National champion Great Lakes Invitational, champion CCHA, co-champion CCHA tournament, champion NCAA tournament, champion
- Conference: T–1st CCHA
- Home ice: Yost Ice Arena

Rankings
- American Hockey Magazine: 2

Record
- Overall: 34–7–2
- Conference: 22–6–2
- Home: 15–1–1
- Road: 8–5–1
- Neutral: 11–1–0

Coaches and captains
- Head coach: Red Berenson
- Assistant coaches: Mel Pearson Billy Powers
- Captain: Steven Halko
- Alternate captain: Brendan Morrison

= 1995–96 Michigan Wolverines men's ice hockey season =

The 1995–96 Michigan Wolverines men's ice hockey team represented the University of Michigan in intercollegiate college ice hockey during the 1995–96 NCAA Division I men's ice hockey season. The head coach was Red Berenson and the team captain was Steven Halko. The team played its home games in the Yost Ice Arena on the university campus in Ann Arbor, Michigan. The team finished tied for first in the Central Collegiate Hockey Association regular season, won the CCHA tournament and the 1996 NCAA Division I men's ice hockey tournament.

==Season==
Coming off of its 5th consecutive 30+ win season, 3rd Frozen Four appearance in 4 years and returning both the NCAA's scoring leader (Brendan Morrison) and wins leader (Marty Turco) the 1995–96 Michigan Wolverines were expected to again compete for the national title. Michigan was second in the preseason rankings by American Hockey Magazine, the first time that any poll was nationally recognized.

===Fast start===
Even though they dominated an outclassed Guelph squad in one of the last seasons that the NCAA permitted official games against CIS schools, Michigan opened its conference schedule against Western Michigan and fell flat on its face. The Wolverines lost the first game 2–7 at home before salvaging the weekend with a 3–2 road win. While the Wolverines dropped to fifth in the polls, they were down three forwards for the big game against Maine. The first annual US Hockey Hall of Fame Game was a rematch of last year's national semifinal, the then-longest game in NCAA tournament history, but with Morrison still recovering from a knee sprain and both Matt Herr and John Madden suspended for the game, fortunately for the Wolverines, Madden's suspension was reversed and he was allowed to play in the game. Despite facing 37 shots and 9 power plays from the Black Bears Turco dominated throughout the game, surrendering only three goals while his counterpart Blair Allison allowed 6 goals on just 23 attempts.

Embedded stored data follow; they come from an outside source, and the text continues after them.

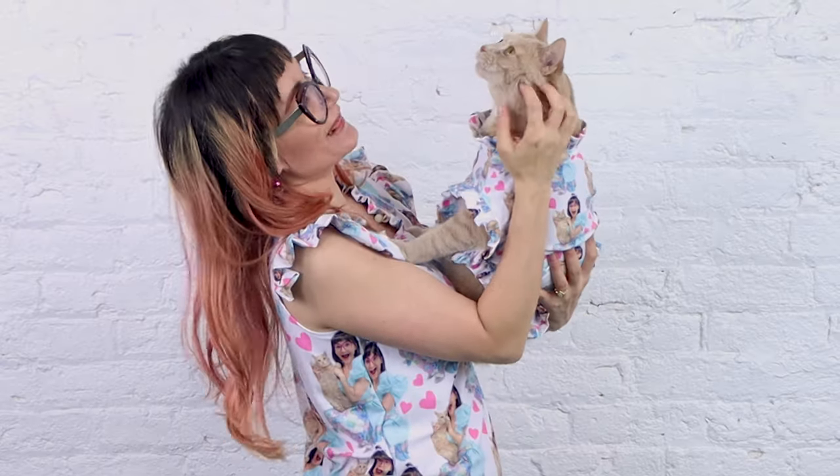Today we are going to make me and Iris here matching pajamas, and it's going to be the cat's pajamas. We love it, don't we?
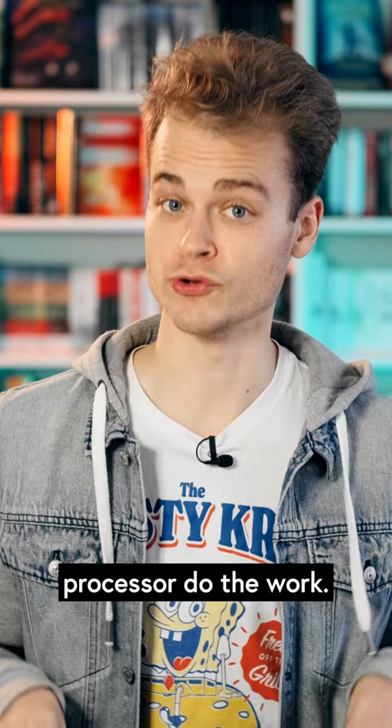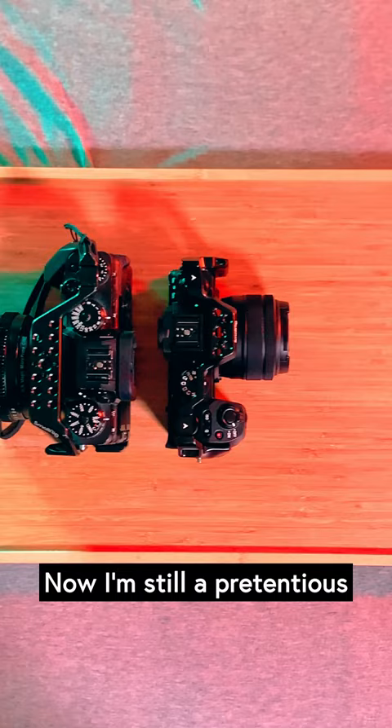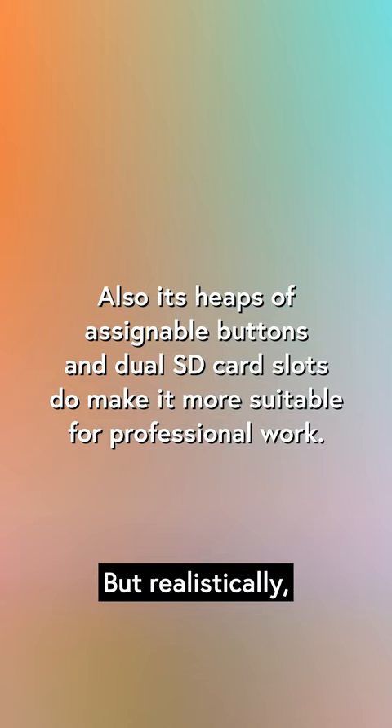It's got better autofocus, beefier internal codecs, raw video over HDMI, 6.2K open gate recording. And did I mention that it's tiny? Now, I'm still a pretentious piece of shit, so I will always prefer the design of the X-T4. But realistically, this little B-cam might just become the A.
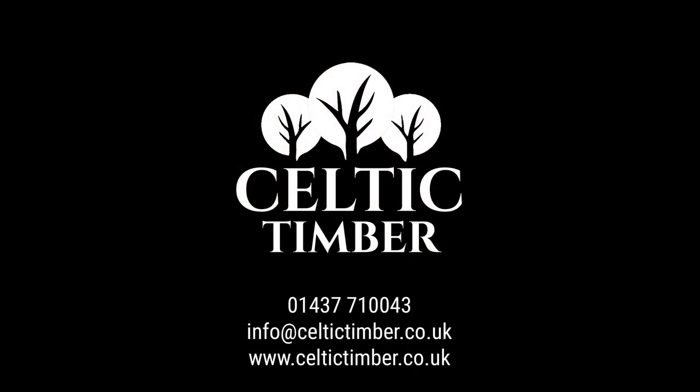Thank you for considering Celtic Timber for your oak beam fireplace. If you have any further questions not covered in this video, please contact us either by email at info@celtictimber.co.uk or give us a call on 01437 710 043, and one of our customer service team would be happy to help.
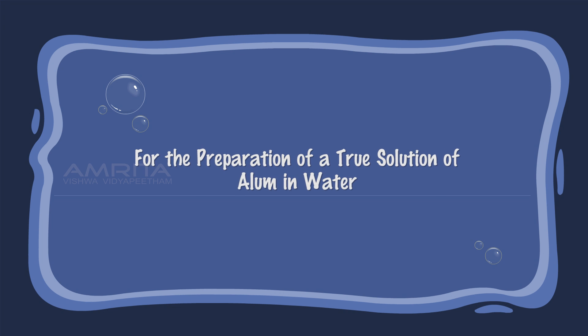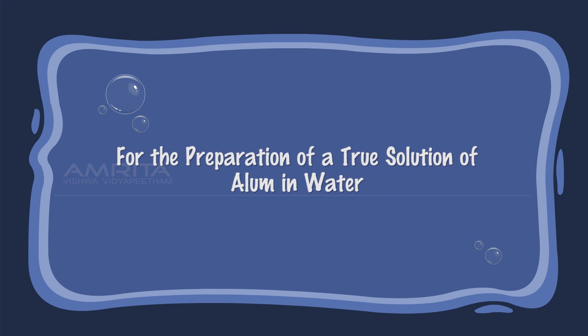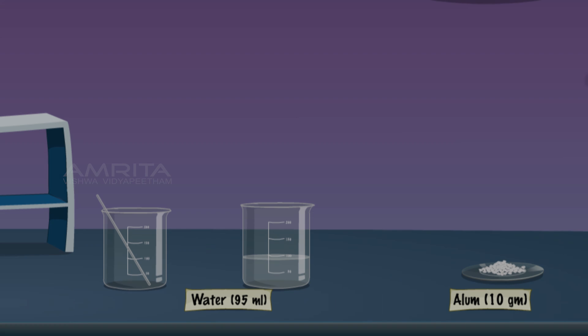For the preparation of a true solution of alum in water, add 10g of alum in a 250ml beaker containing 95ml distilled water. Then stir the solution using a glass rod until the alum dissolves.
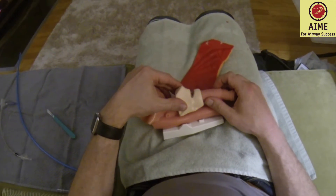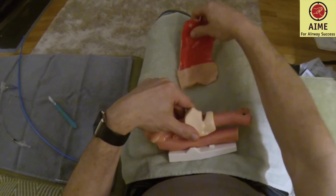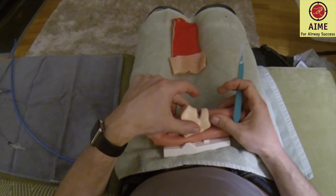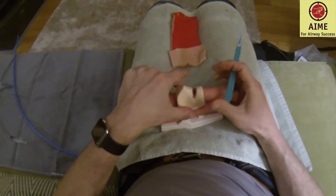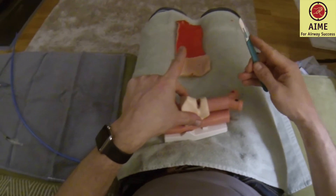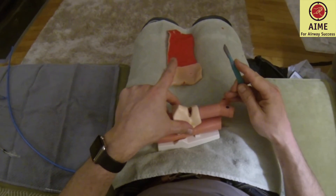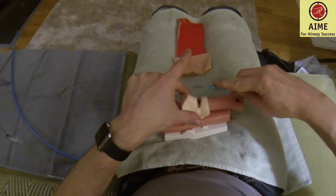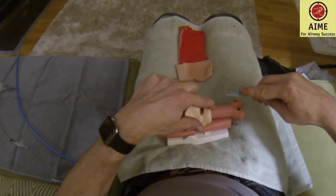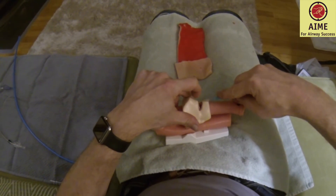I'm going to demonstrate this without the neck skin so you can see things clearly. We stabilize with thumb and middle finger. I'm going to hold a number ten blade — it's key to have a number ten blade, meant for cutting and incising the cricothyroid membrane, not a number eleven or number fifteen. I'm going to cut with the belly of the blade and make a long incision — two swipes really to get down through skin.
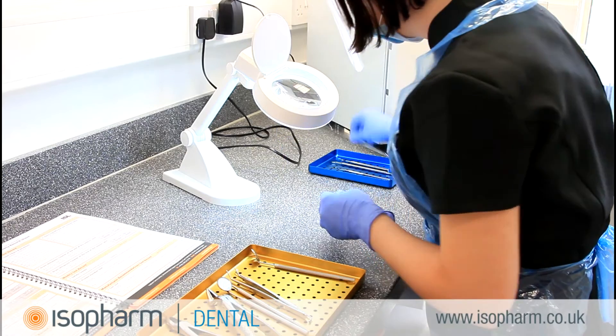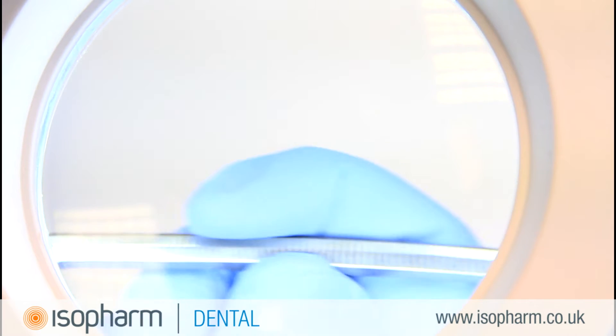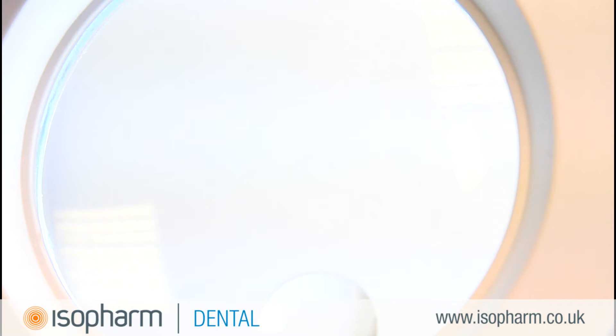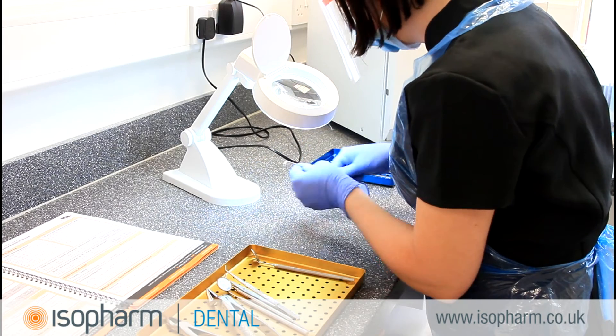A visual inspection is required before sterilisation to make sure that the cleaning process is removing staining and debris. If an instrument is not properly cleaned it may impede the sterilisation process. The cleaning of instruments is an important part of the decontamination cycle, and if this is not done correctly then the rest of the process will fail.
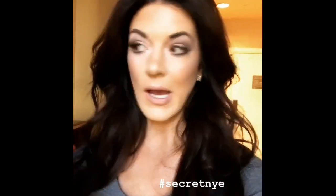Happy New Year's Eve everybody! I'm about to get ready for this event that I have no idea what to expect. I'm so excited about it but I promised I would show you my dress so I'm gonna do that now.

After the high-profile win, Michigan won each game over the next three weekends and temporarily regained its #2 ranking. During that span Morrison returned from his injury and his 3-point night showed he was more than ready. Michigan also shut but out the opposition for the second time that season but with Turco sharing the net with Gregg Malicke on both occasions no goaltender received credit for either '0'.

===Mid-season hiccup===
The Wolverines headed into the third annual College Hockey Showcase ranked third and after an easy win against Wisconsin the Wolverines looked a bit flat against #5 Minnesota, dropping the game 2–3.

Three days later Michigan faced off against arch-rival Michigan State and though the Spartans were unranked at the time they were still a force to contend with. MSU handed the Wolverines their second consecutive loss and, with #8 Bowling Green up next, Michigan was in jeopardy of dropping from the polls. An offensive outburst of 5 goals in the first period helped arrest Michigan's slide and the 8–1 win gave the voters enough confidence in the Maize and Blue to keep them at the #4 spot. One side story with the game was Jason Botterill, a first round pick of the Dallas Stars, had already been suspended twice for fighting and was piling up unneeded penalty minutes. In the Bowling Green Game he was finally able to keep his nose clean while retaining his physical game, performing exactly how coach Red Berenson hoped he would.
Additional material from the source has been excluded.